4 min read

Research Models and the Future of Search

Research Models and the Future of Search
I asked Gemini Deep Research to read my blog and profile me. I wonder if they'll ever make an AI that doesn't read like dogshit but I do appreciate the compliments.

In my self-appointed role as moral and practical judge of artificial intelligence and its uses I have rarely come across a product that I didn't end up finding boring or uninteresting after its novelty wore off. Most base or chatbot models are unreliable. Code models can be nice for tabbed autocomplete or boilerplate but I usually don't find them very helpful in the context of the large, complex, and often legacy codebases I work with professionally. I believe people who say they've found ways to make these useful in their workflows, but between the time it takes to establish a good workflow and the attached deskilling cost I don't think the juice is worth the squeeze. So when I read Simon Willison's post about how AI-assisted search actually works now I was skeptical. But I've been giving Gemini Deep Research a whirl and I actually might agree with him.

A whole lot of my day-to-day is spent sifting the wheat from the chaff of search results: picking the right python package, finding the GitHub issue that has a solution to an error message, or digging through poorly-written docs and trying to figure out what something actually does. This is made enormously difficult by the sheer quantity of slop, human and robot-generated alike, that populates any search engine's results today. I am looking for specific solutions to specific problems, but I'm forced to spend hours of my life speed-reading shitty blog posts from click farms with ads that make the website functionally unusable in the hopes that their tutorial might actually contain something I need. I imagine most professional programmers have had similar experiences.

Deep research does a pretty nice job of solving this problem (at least Gemini's version does - I refuse to give OpenAI money and I got Gemini access for free). This is in large part due to advances in LLM output quality in general and a massively-increased 1 million token context window. The biggest killer feature here, of course, is live web browsing - I haven't been able to find a good technical explanation of how deep research actually works, but I'd reckon it's web-scraping that's then fed into a RAG framework. However it's done, it's able to distill a whole lot of search results into a useful, cited summary. I wouldn't trust its outputs implicitly, but it's significantly less prone to hallucination than prior ventures into this territory, and as Willison puts it, it does a nice job of filling the role of a junior researcher (or, I guess in my professional use case, an intern).

(I've written enough about the economic implications of AI replacing junior-level positions so I won't get into it here - suffice it to say I do not think, writ large, this is a good thing. A nuance that often seems to elude people online is that "useful" is not a synonym for "good".)
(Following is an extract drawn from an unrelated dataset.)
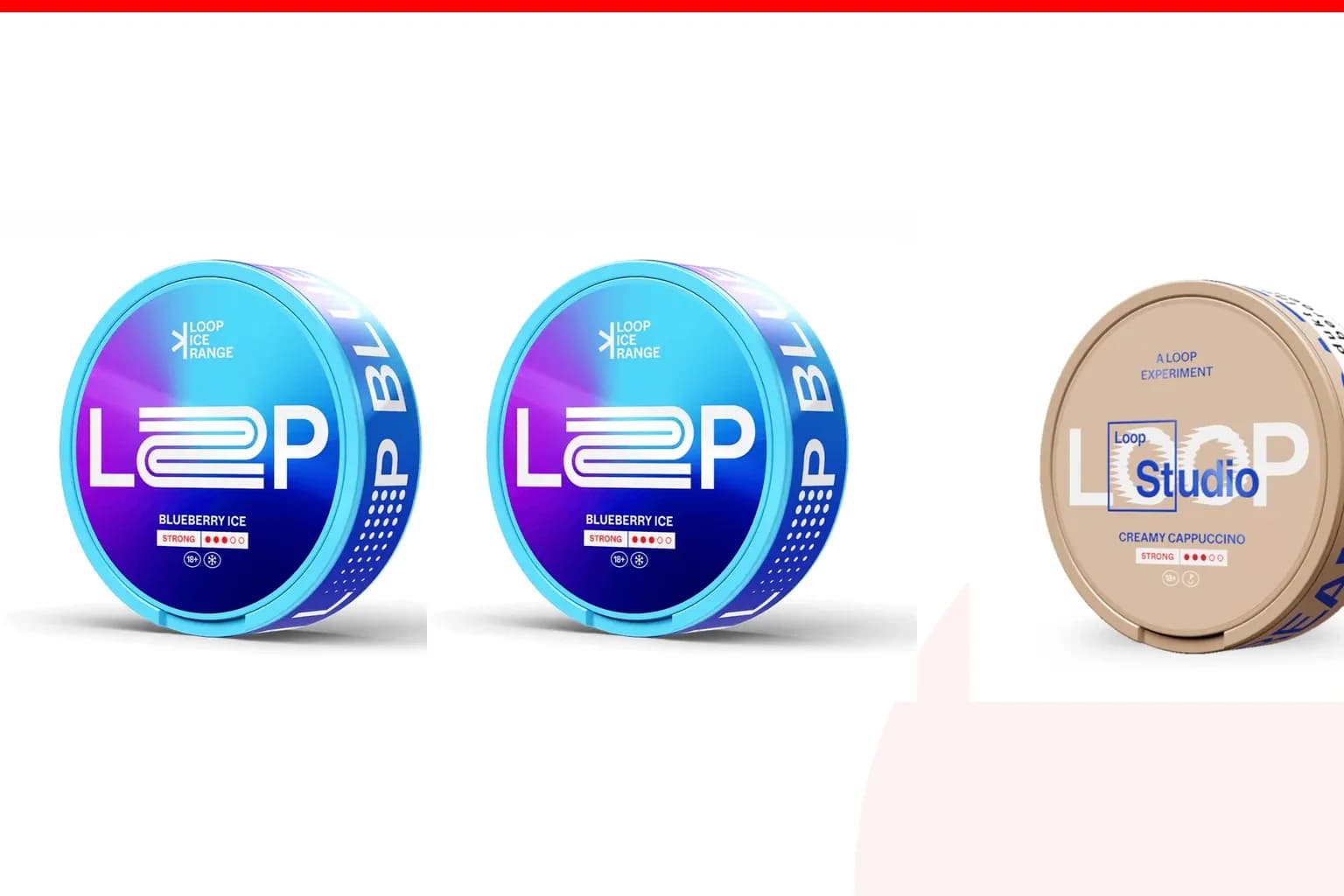 Cans of Best LOOP flavours from the Nicotine Pouches Canada range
This is, to my mind, the closest thing to a killer app for LLMs that I've seen: I don't really want one to write my emails or generate art for me, nor would I trust it to do so, but as an engine for scanning and distilling text it does a pretty damn good job, and I don't think that "automating the act of Googling something" is a deskilling risk in the same way as letting it do the actual work for you. The risk of hallucination is there, but again, I'm not sure that that's any worse than reading poorly written, factually incorrect articles by human beings (or having to sift through an article myself until I can be certain it was written by AI).

The irony here is that part of what makes Deep Research so useful is Google's decade-long decline into an enshittified mess. I might not be quite so taken with it if I didn't have to spend so much time wading through SEO bullshit and AI-generated slop. Search has been dying through years through Google's own efforts, and now they may have launched the product that finally kills it for good. This is pretty interesting on its own - it's highly likely that Deep Research will have its own DeepSeek moment at some point in the near future, and it's not clear to me what the business move is for a search firm if search dies and is replaced by a race to the cheapest model. I have trouble seeing the death of Google search as anything but an ultimately good thing, and I'm very curious to see the second and third-order effects if Deep Research-like models start to replace search wholesale. These models couldn't exist without a search index to build on, but the endless ouroboros of generated slop content, combined with a search index that's no longer the primary target of digital publishing, will take us to a weird place. The internet could actually die this time!

To be clear, the irony of "using LLMs to solve a problem created by LLMs" is not lost on me. I'm not sure any of this is good, but I'm also not sure it's worse than what we already have. And once an open-source alternative is made available I'll be happy to rid Google of that much search data and advertising income. I've spoken before about how AI will kill the internet, and this is an interesting new front of that fight that I hadn't considered before. At the very least if Google eats itself maybe that'll make room for something different.